Jika Anda adalah seorang mahasiswa, maka tidak asing lagi dengan yang namanya organisasi mahasiswa, entah itu intra maupun ekstra kampus. Perguruan tinggi menawarkan pilihan yang beragam kepada mahasiswa untuk memilih organisasi sesuai dengan minat dan bakatnya. Mulai dari organisasi yang mewadahi aktivitas olahraga, penalaran, hingga “politik”.
Organisasi mahasiswa sendiri telah mempunyai payung hukum yaitu pada pada Pasal 14 Undang-Undang (UU) Nomor 12 Tahun 2012 Tentang Perguruan Tinggi yang berbunyi mahasiswa mengembangkan bakat, minat, dan kemampuan dirinya melalui kegiatan kurikuler dan ekstrakurikuler sebagai bagian dari proses Pendidikan. Kegiatan kokurikuler dan ekstrakurikuler tersebut dapat dilaksanakan melalui organisasi kemahasiswaan. Dengan ini, maka ketentuan lain mengenai organisasi kemahasiswaan tersebut diatur lebih lanjut melalui statuta perguruan tinggi masing-masing.
Lebih lanjut, pada Pasal 77 ayat 1 dan 2 mengamanatkan bahwa mahasiswa dapat membentuk organisasi kemahasiswaan dengan tujuan sebagai: Pertama, mewadahi kegiatan mahasiswa dalam mengembangkan bakat, minat, dan potensi. Kedua, mengembangkan kreativitas, kepekaan, daya kritis, keberanian, dan kepemimpinan, serta rasa kebangsaan. Ketiga, memenuhi kepentingan dan kesejahteraan mahasiswa. Keempat, mengembangkan tanggung jawab sosial melalui kegiatan pengabdian kepada masyarakat.
Dari payung hukum tersebut, akhirnya membuat banyak mahasiswa memilih untuk bergabung ke dalam organisasi. Banyak dari mereka yang berharap dapat mengembangkan diri dan belajar hal baru di luar kuliah. Ada juga yang masuk organisasi dengan tujuan mendapatkan jejaring yang akan menjadi modal sosial yang kelak akan membantunya dalam menjalani perkuliahan atau kehidupan setelah perkuliahan.

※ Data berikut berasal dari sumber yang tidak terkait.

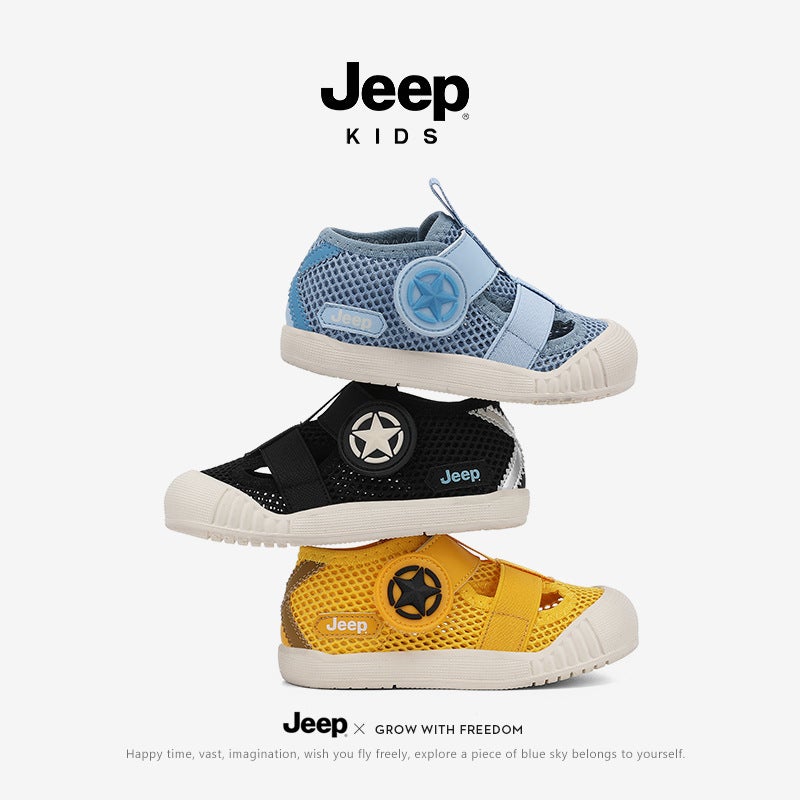 Jeep Children'S Shoes For Babies Aged 1-3, Toddler Shoes For Boys, Closed-Toe Shoes For Girls, Baby Shoes With Shell Toe And Webbing Mesh Shoes - Image 5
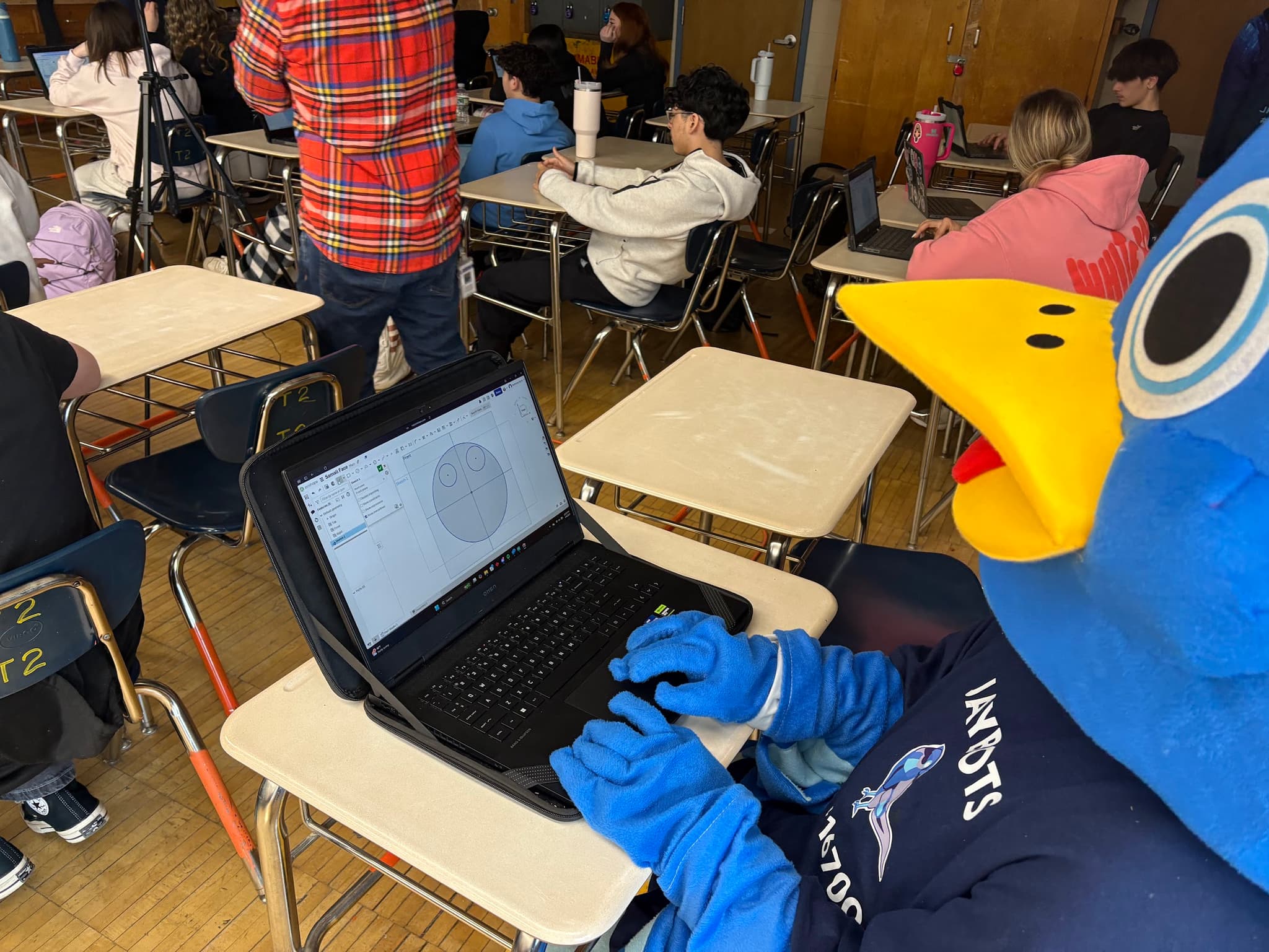 Jay taking part in CAD workshop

Namun sangat disayangkan, terkadang semangat yang tinggi dalam berproses dan berkembang mahasiswa disalahgunakan menjadi ajang unjuk gengsi oleh mahasiswa yang lebih tinggi tingkatnya dalam organisasi. Mahasiswa yang hanya menjadi anggota atau staf cenderung menjadi seperti lebah pekerja. Mulai dari aktivitas – seperti rapat– yang tak berhenti dari siang hingga malam. Sampai di beberapa organisasi seolah terjadi perenggutan hak dasar manusia yaitu beristirahat yang seharusnya dihargai oleh organisasi mahasiswa.
Bahkan dalam beberapa peristiwa, staf yang rendah tingkatannya terlihat seperti budak-budak dunia modern. Bahkan mungkin, jika dikritisi organisasi mahasiswa kebanyakan sama layaknya VOC pada zaman penjajahan dahulu. Staf dengan jabatan lebih rendah hanya akan menjadi objek ambisi staf yang lebih tinggi jabatannya.
Menurut penulis, kebobrokan sistem di banyak organisasi mahasiswa sudah dimulai sejak tahap perekrutan staf. Calon-calon staf diiming-imingi memperoleh banyak keuntungan dalam berorganisasi. Dari iming-iming keuntungan tersebut, mahasiswa yang menjadi calon staf secara otomatis akan membangun harapan-harapan dan impian yang kelak akan dia dapatkan saat memasuki organisasi tersebut. Namun, lagi-lagi kebanyakan organisasi mahasiswa hanya memberikan harapan palsu diawal. Sehingga harapan mahasiswa yang masuk organisasi pun pupus di tengah proses.
Oleh karena itu, perlu rasanya setiap organisasi mengubah pola pikirnya mengenai organisasi mahasiswa. Seperti yang disinggung pada Pasal 77 UU Nomor 12 Tahun 2012 Tentang Perguruan Tinggi, organisasi mahasiswa berfungsi untuk mengembangakan minat, bakat, kreativitas, kepekaan, daya kritis, keberanian, dan kepemimpinan, serta rasa kebangsaan. Bukannya organisasi mahasiswa sebagai ajang persaingan dan pembuktian dengan organisasi mahasiswa lainnya. Hal tersebut akhirnya hanya berimplikasi kepada penelantaran harapan dan impian staf-stafnya.